Involución y evolución

Hola,

¿Cuál es la diferencia entre el período de involución y el periodo de evolución ?

Carl (Québec)




Hola,

El período de involución, o período involutivo, se caracteriza por el hombre que piensa pensando. Esto significa que el hombre recibe los pensamientos en su cerebro y se los apropia como propios. De esta manera, se convierte en víctima de sus pensamientos, por lo que está sujeto a sus pensamientos, ya que no sabe que lo que llama sus pensamientos son sólo impulsos de diferentes planos de inteligencia y que estos pensamientos se le acercan por razones predeterminadas. Al principio, los pensamientos le sirvieron para darle experiencia planetaria, de ahí el desarrollo de sus cuerpos inferiores, incluyendo su intelecto. En una segunda etapa, los pensamientos servirán como trampolín para una nueva conciencia. Esto ocurrirá gradualmente a medida que el hombre se vaya desvinculando de ellos, en el sentido de que podrá mirarlos objetivamente, sin asociarse personalmente con ellos.
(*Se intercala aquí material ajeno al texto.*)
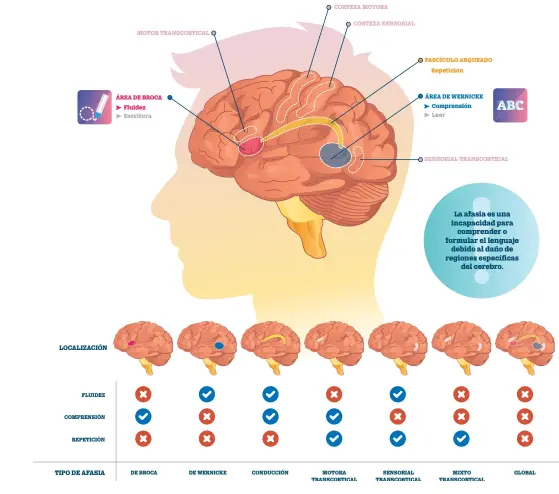  ?? / ISTOCK ?? Trastorno. La afasia es un diagnóstic­o, pero no una condena.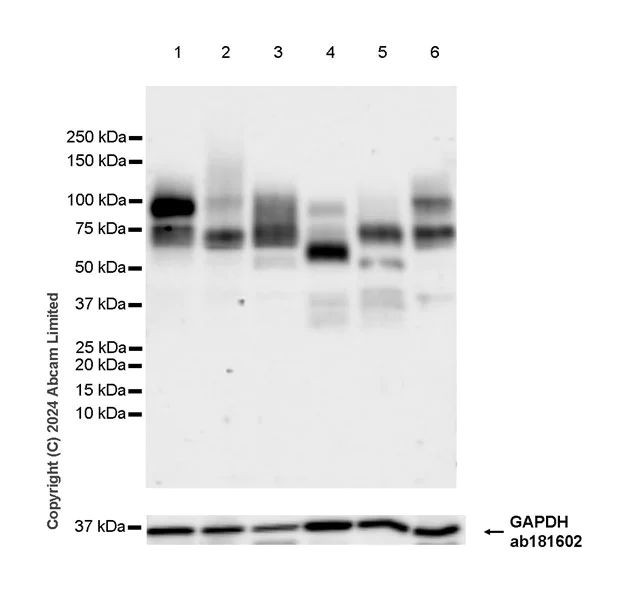 Western blot - Anti-LGALS3BP antibody [EPR26644-269] (AB322977)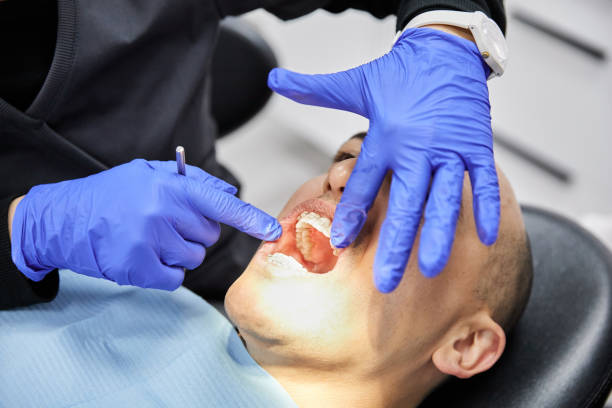 Best Emergency Tooth Extraction in Mount Pleasant, MI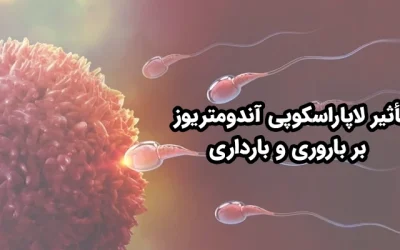 لاپاراسکوپی اندومتریوز: روشی پیشرفته برای درمان ضایعات و مشکلات باروری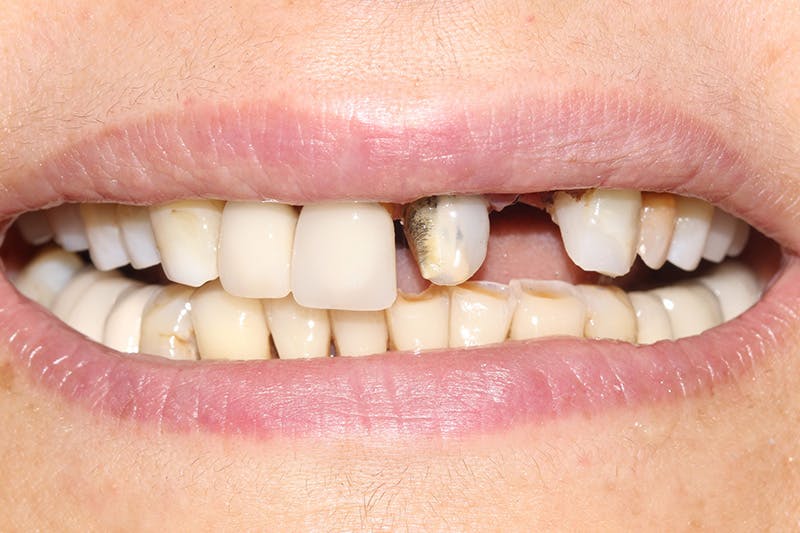 Patient Smile Before & After Gallery - Patient 109986 - Image 3
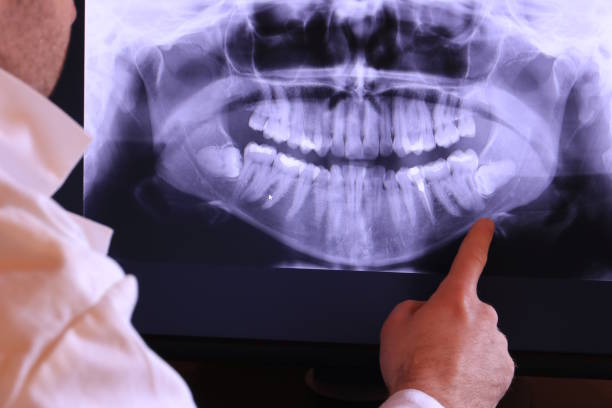 Best Emergency TMJ Treatment in Seabrook Island, SC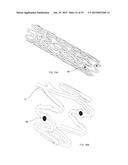 BIOABSORBABLE POLYMERIC MEDICAL DEVICE diagram and image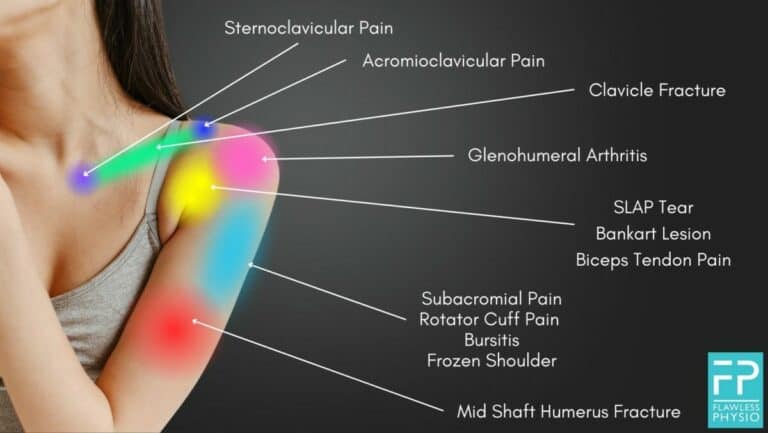 shoulder-pain-diagnosis-chart-shoulder-pain-location-chart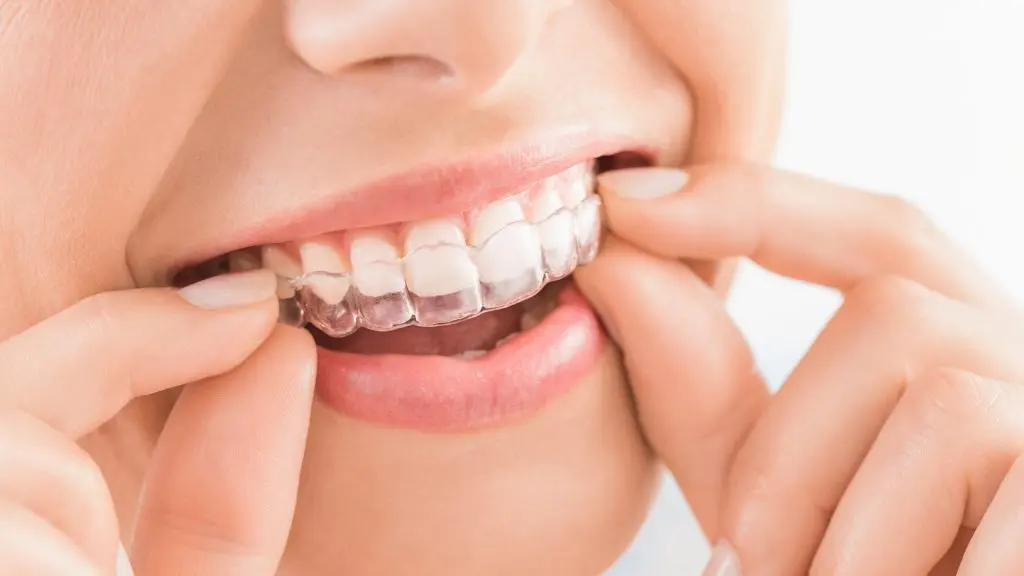Alinhadores invisíveis Invisalign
El hombre desarrollará así una conciencia que despertará a las leyes que rigen el pensamiento, tanto en sus aspectos kármicos e involutivos como en aquellos aspectos que le permiten tocar su persona real. Los pensamientos se convertirán un día en el trampolín que el hombre utilizará para pasar de un modo de vida involutivo, en el que prevalecen la reflexión intelectual y la lógica, a un modo de vida evolutivo, caracterizado por la comunicación con las inteligencias que hay detrás de los pensamientos.

El período de evolución real está, por lo tanto, mucho más allá de un camino espiritual, moral, social o cultural. La evolución real comienza en el individuo que se hace consciente de lo real dentro de él, es decir, su conciencia se vuelve capaz de interpretar correctamente los impulsos recibidos en su cerebro. Los pensamientos ya no se convierten en prisiones para su mente, sino que son capturados como comunicaciones desde diferentes planos. El hombre se vuelve así verdaderamente inteligente en lugar de ser dominado por un plan de vida que lo somete a vivir como una marioneta que juega al teatro mientras confunde el escenario con su vida real. El hombre de la evolución surge así de la ilusión del libre albedrío y de las ilusiones que sus limitados sentidos le devuelven por medio de cuerpos sutiles no ajustados a la luz del espíritu.